** Opening GIVEN INFORMATION block **

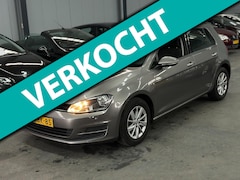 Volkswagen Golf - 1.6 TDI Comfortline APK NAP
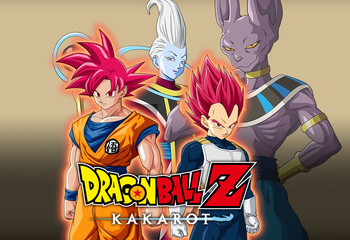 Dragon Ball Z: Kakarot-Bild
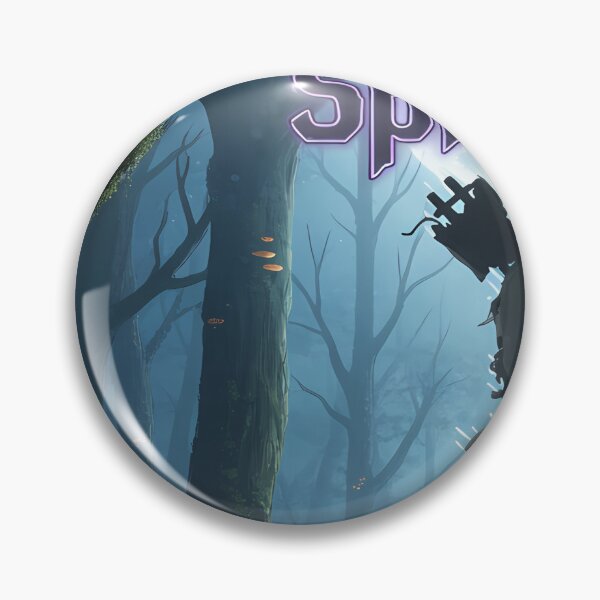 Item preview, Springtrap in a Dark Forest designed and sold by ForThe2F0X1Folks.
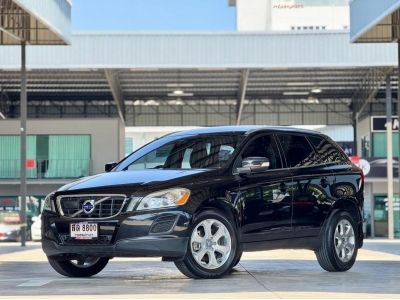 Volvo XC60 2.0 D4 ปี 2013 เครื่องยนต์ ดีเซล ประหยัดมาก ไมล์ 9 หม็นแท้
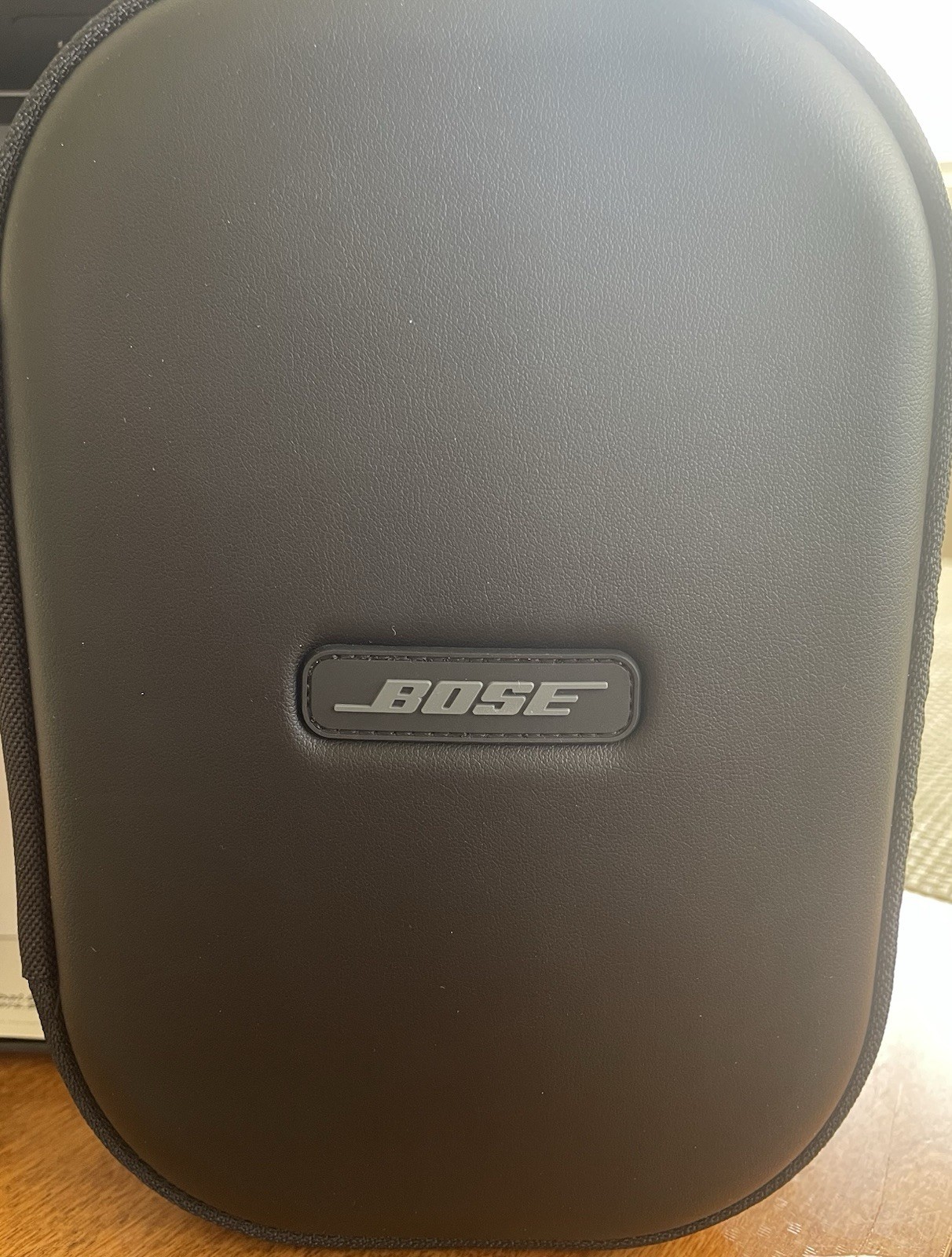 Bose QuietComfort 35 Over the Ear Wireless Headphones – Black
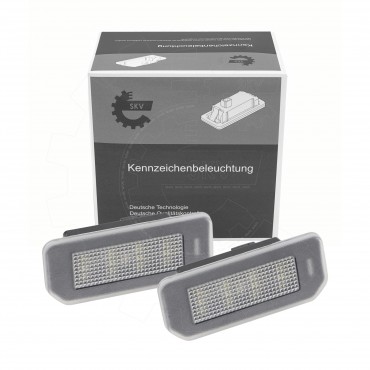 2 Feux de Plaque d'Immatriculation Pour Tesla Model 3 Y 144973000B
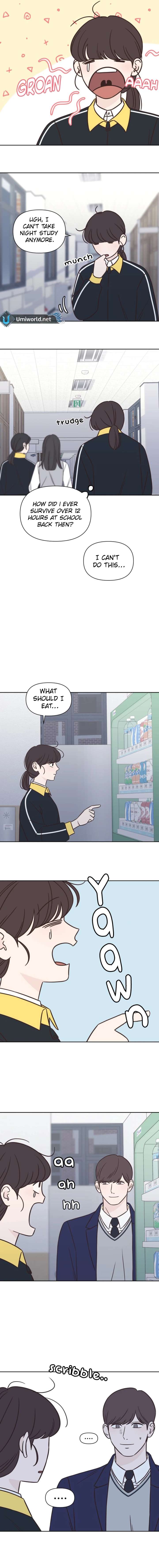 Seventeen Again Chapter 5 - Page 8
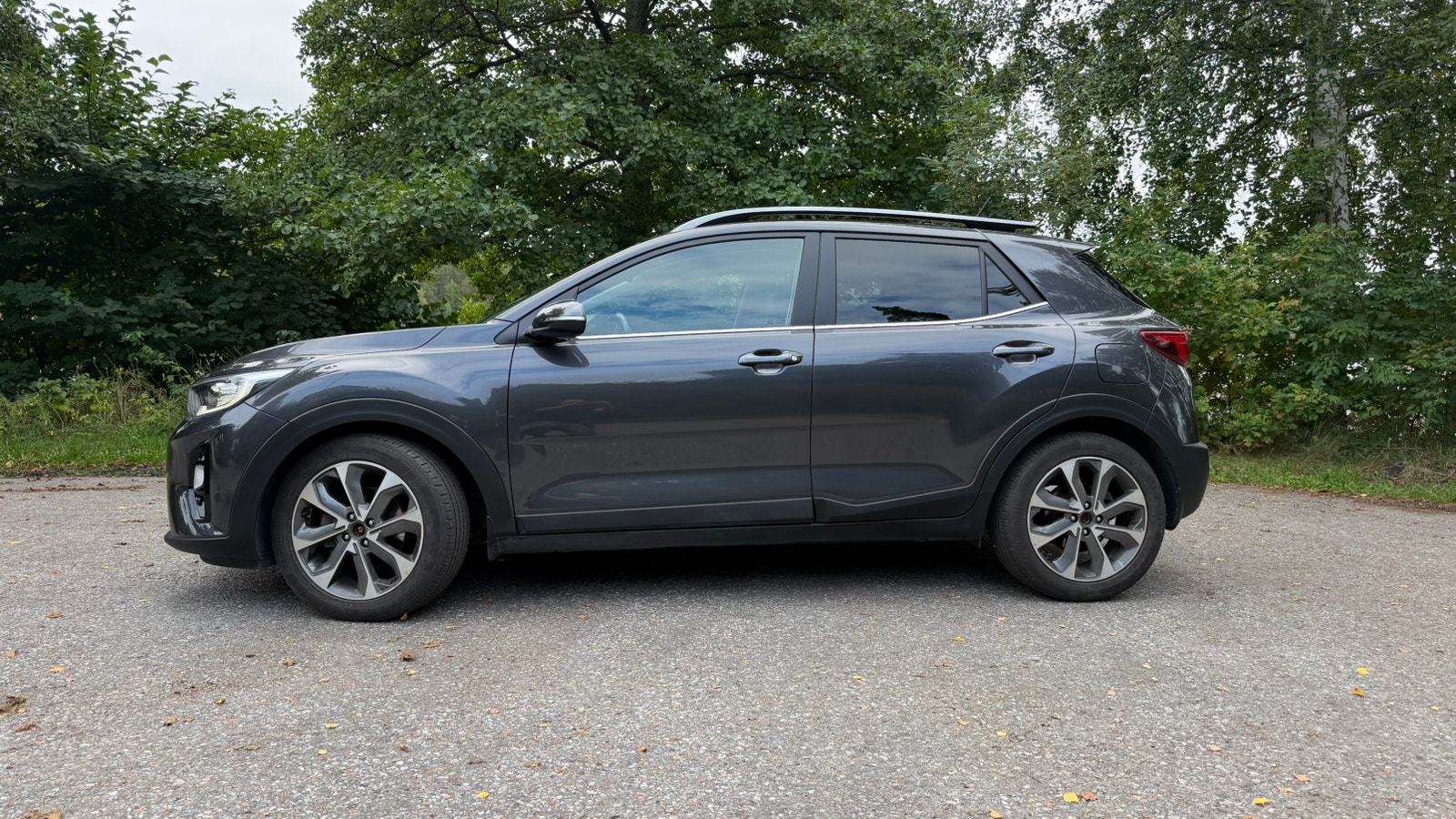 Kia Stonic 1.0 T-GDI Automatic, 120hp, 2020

** Closing GIVEN INFORMATION block **
** Opening GIVEN INFORMATION block **

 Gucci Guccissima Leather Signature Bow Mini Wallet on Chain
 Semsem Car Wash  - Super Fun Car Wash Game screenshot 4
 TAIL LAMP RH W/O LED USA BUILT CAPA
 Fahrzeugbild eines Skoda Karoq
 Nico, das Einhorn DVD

** Closing GIVEN INFORMATION block **

> YOUR ASSIGNMENT: Above are records; repeat only the lines from the line with "2 Feux de Plaque" through the line with "Kia Stonic 1.0 T-GDI Automatic, 120hp, 2020", and leave pictures out.

> ANSWER FOR THE TASK:
 2 Feux de Plaque d'Immatriculation Pour Tesla Model 3 Y 144973000B
 Seventeen Again Chapter 5 - Page 8
 Kia Stonic 1.0 T-GDI Automatic, 120hp, 2020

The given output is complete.